До сего дня мы не знаем, почему Лили пыталась перепрыгивать через ограду, поскользнулась ли она, отталкиваясь от земли, или просто не взяла высоту. Порасспросить бы об этом сорок, неторопливо прогуливающихся вокруг, пока мы пытались ее успокоить. Неистовые, безумные рывки нанесли еще больше вреда ее израненному телу, и в конце концов дедушка приказал мне отвернуться.
Грохот выстрела эхом прокатился по накрытой серым туманом долине. С громкими криками взлетели сороки, и это сочетание звуков словно накрыло меня с головой, сопровождаемое повторяющимся в тишине эхом. Обхватив руками окоченевшее тело, я закрыла глаза. Облепленные грязью ноги совсем окоченели. Дедушка схватил меня в охапку, поднял и понес, стараясь держать так, чтобы мне не было видно затихшей лошади. Грубая шерсть его пиджака царапала мне лицо. От него пахло ланолином и бабушкиными сигарками.
На этом можно было бы считать этот эпизод исчерпанным, если бы не то, что произошло потом. Дедушка приказал Джошу, который был тогда еще только рабочим фермы, взять заступ и похоронить лошадь. В тот день, как частенько и раньше, я вышла пройтись вверх по склону холма, мимо псарни, чтобы сверху полюбоваться закатом. Дедушка считал, что это занятие развивает во мне меланхолию, но как мне нравилось наблюдать за людьми из башни, так и подглядывать сверху за жизнью дома, видеть, как они ходят там внутри, любоваться дымом из труб, висящим в неподвижном воздухе. А в тот день мне позарез нужно было где-нибудь побыть одной.
Приблизившись к псарне, я увидела, что с другой стороны на маленьком грузовичке к ней подъезжает Джош. Съехав с дороги, он помахал мне рукой и подал назад, туда, где отчаянно лаяли собаки, которые в своих загончиках словно с ума посходили. Что-то заставило меня остановиться и посмотреть, что будет дальше.
Джош вышел из кабины и подошел к кузову. Он принялся вытаскивать из него и бросать на землю какие-то большие, тяжелые куски. Собачий лай перешел в пронзительный визг, они бешено бросались на двери своих клетушек. Закончив разгрузку, Джош выпустил собак, а сам отступил в сторону, и они жадно бросились на мясо, с рычанием вгрызаясь в него. Джош стоял рядом, уперев руку в бок и сгорбившись, словно держал на плечах тяжелый груз. Потом он медленно поднял голову и увидел, что я стою неподалеку. Безрадостно махнул рукой в сторону собак, у меня на глазах рвущих на части и пожирающих мою лошадку. Умирать буду — не забуду довольного выражения на его узеньком лице.

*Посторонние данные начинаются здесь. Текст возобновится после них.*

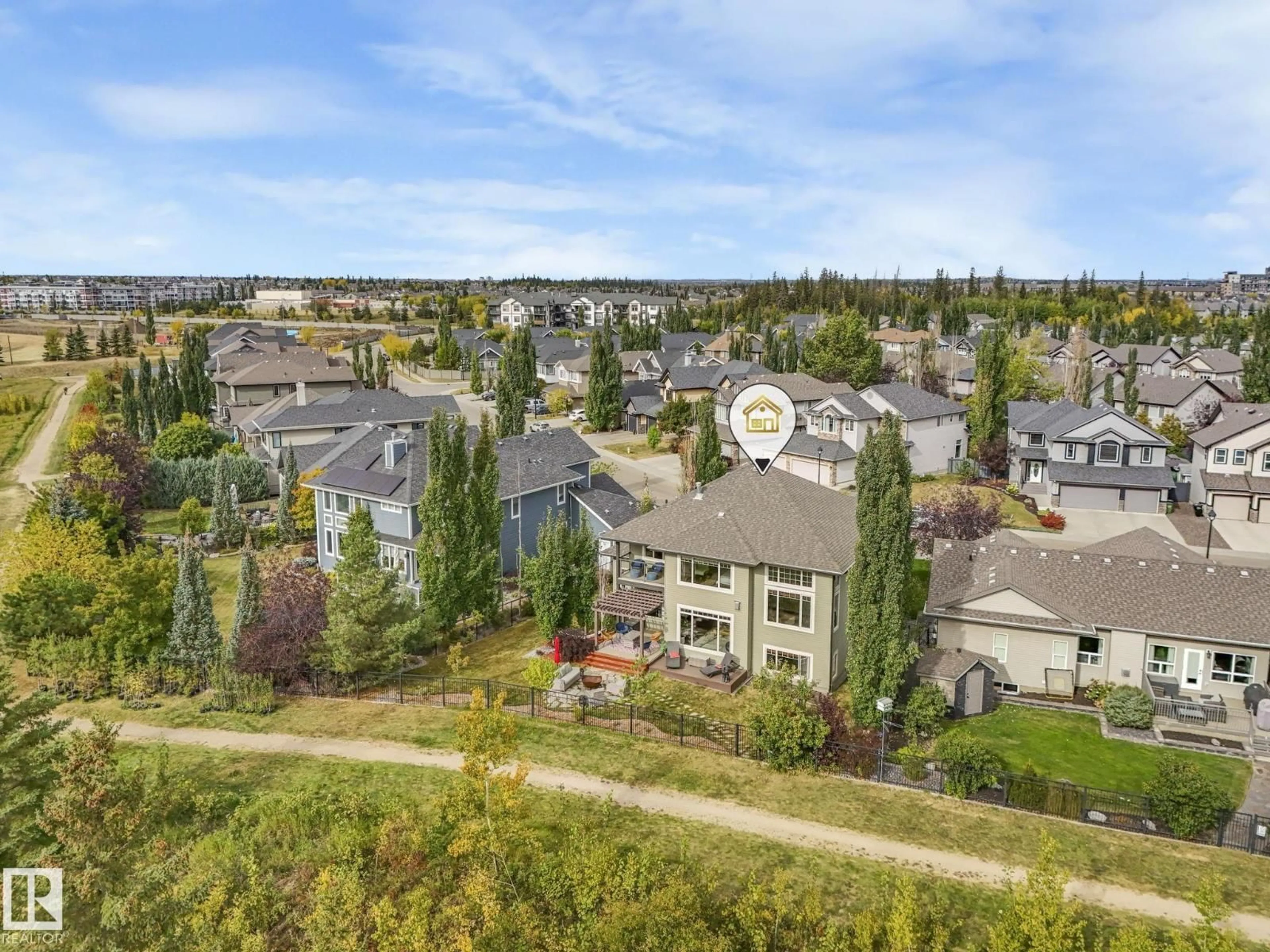 A pic from outside/outdoor area/front of a property/back of a property/a pic from drone, mountain view for 2441 BOWEN WD, Edmonton Alberta T6W0E8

Вот после этого случая я и перестала есть мясо. Всякий раз, глядя на него, я вспоминала Лили и отвратительную сцену, как ее труп скармливают собакам. Она не заслужила этого, как и любое другое животное. С таким же чувством я стала относиться и к таксидермии: она для меня — дань уважения, проявление любви к объекту моей работы, дело, которое возвращает животному его достоинство после смерти, к тому же я всякий раз погребала останки в землю и сажала на могиле дерево. Какая я была идеалистка!

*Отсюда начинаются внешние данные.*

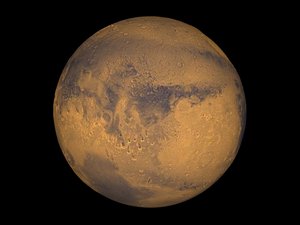 File - Mars true-color globe showing Terra Meridiani.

Потом я слышала, как дедушка кричал на Джоша, угрожая уволить его. Сидя в своей узенькой комнатушке, из которой я отказывалась выйти, пока не приехала мама и не уговорила, сказав, что мы немедленно уезжаем, возвращаемся в город. В следующий раз я приехала в Сорочью усадьбу через много лет и с Джошем больше не разговаривала.